A common exercise in freshman courses on statistics and probability is to divide the students into two groups, let’s call them A and B.
Each student in group A is instructed to flip a coin 100 times and record the resulting sequence of heads and tails. Each student in group B is instructed to merely pretend to have done so, and write down the fictional sequence. The sequences are submitted anonymously to the professor, but invariably the professor correctly determines which group they belong to.
Take a look at the example at right. If you were the professor would you assume it comes from group A or from group B? Would it strike you as suspicious that the first six tosses alternate between T and H with perfect regularity, or that starting with toss 12, there are five H’s in a row?
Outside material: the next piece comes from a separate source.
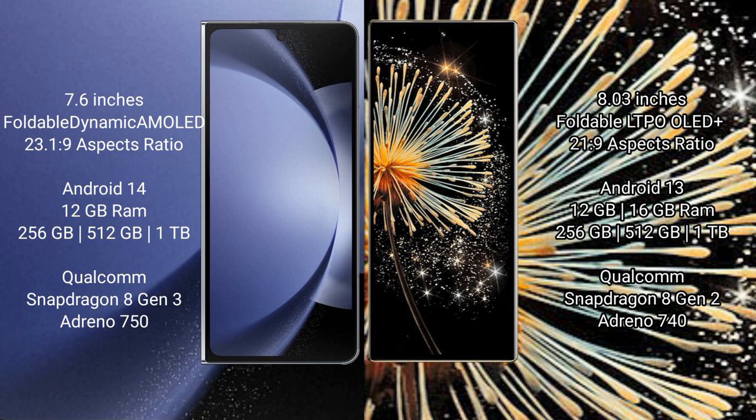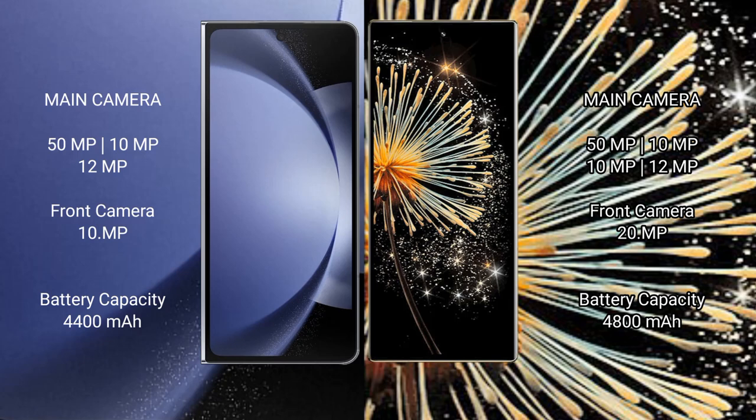Samsung Galaxy Z Fold 6 comes with 12GB RAM and 256GB, 512GB, or 1TB internal storage, powered by the Qualcomm Snapdragon 8 Gen 3 processor and Adreno 750 GPU. Xiaomi MiX Fold 3 comes with 12GB or 16GB RAM and 256GB, 512GB, or 1TB internal storage, powered by the Qualcomm Snapdragon 8 Gen 2 processor and Adreno 740 GPU.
Actually, if you were the professor, and if your students were naive in such matters, as freshmen presumably would be, you wouldn’t hesitate to assign this example to group A. The reason has to do with a common misconception that strings of consecutive T’s, consecutive H’s, or any repeating pattern such as THTHTH, are extremely unlikely to occur in the real world, and therefore to be avoided like the plague when falsifying data. In other words, unsophisticated fraudsters would make their data overly homogenous, and it simply would not look like this example.
Here’s a different, but related exercise: divide the students into groups A and B, but this time the students in group A will research and record 1,000 actual receipt totals from the campus business office, and, you guessed it, group B will fake 1,000 entries of the same.
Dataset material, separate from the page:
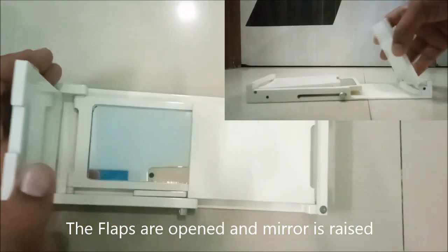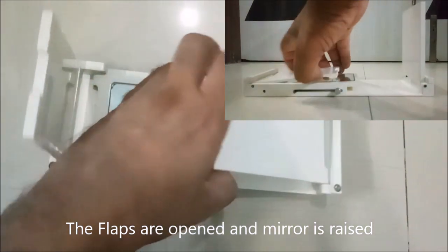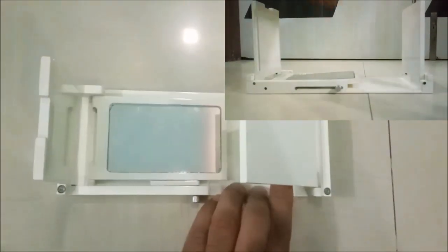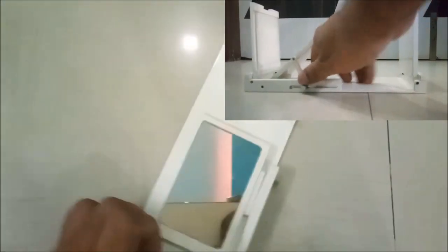As you can see in this video, I am raising the two side flaps of the kairoscope which are collapsible. Next, the mirror is raised and put in place. Now it is ready for the upper lid to be put in place.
Again the professor will have no trouble differentiating the real list from the fake one, because our hypothetical freshmen are extremely unlikely to be familiar with Benford’s Law (a.k.a., the “First-Digit Law”), which states that for many real-world data sets, the left-most digit will be 1 approximately 30.1% of the time, 2 approximately 17.6% of the time, and so on through the digits until 9, which will appear as the first digit about 4.6% of the time.
The students are also unlikely to be familiar with today’s demo file, Benfords-Law, which is based on one presented by John Allen of Allen & Allen Semiotics at an FM-DiSC meeting earlier this year. Thank you John for permission to share it here (and come to think of it, for introducing me to Benford’s Law in the first place).
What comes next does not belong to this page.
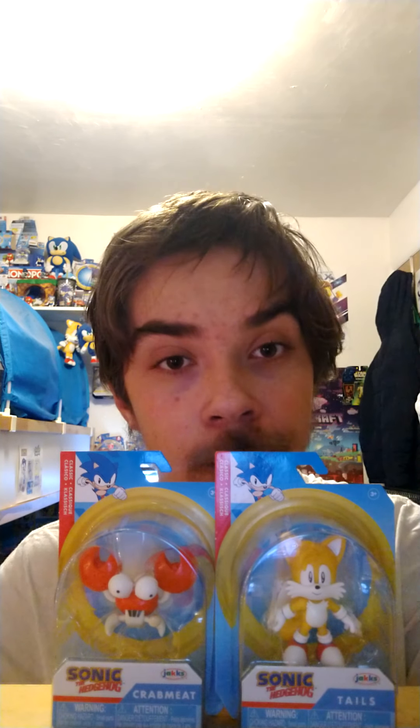Now I have two new characters as figures — well, Classic Tails was a figure once before, but Crab Meat is brand new. Classic Tails was actually my second try finding him; Crab Meat I found on the first try, which is crazy. Stay tuned for the unboxing of these two, probably coming out in early or mid 2022. In the Sonic Generations episode of my Signfin series, coming soon, I'll be replacing the Tome Classic Tails with this Jack Specific version.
The file contains a number of different data sets, and you can import your own as well, to see the extent their first digits do or do not conform to Benford’s Law. To quote from the above-cited Wikipedia entry,
This result has been found to apply to a wide variety of data sets, including electricity bills, street addresses, stock prices, population numbers, death rates, lengths of rivers, physical and mathematical constants, and processes described by power laws (which are very common in nature). It tends to be most accurate when values are distributed across multiple orders of magnitude.
The Wikipedia entry also includes examples of distributions that would not be expected to obey Benford’s Law, including:
- Where numbers are assigned: e.g., check numbers, invoice numbers
- Where numbers are influenced by human thought: e.g., prices set by psychological thresholds ($1.99)
- Entries with a built-in minimum or maximum
The demo file also includes a couple examples of data sets that, as common sense would suggest, do not conform to Benford’s Law, including the complete set of all numbers between 1 and 99,999 and a random set of 99,999 numbers defined with 1 as the lowest possible value and 99,999 as the highest possible value.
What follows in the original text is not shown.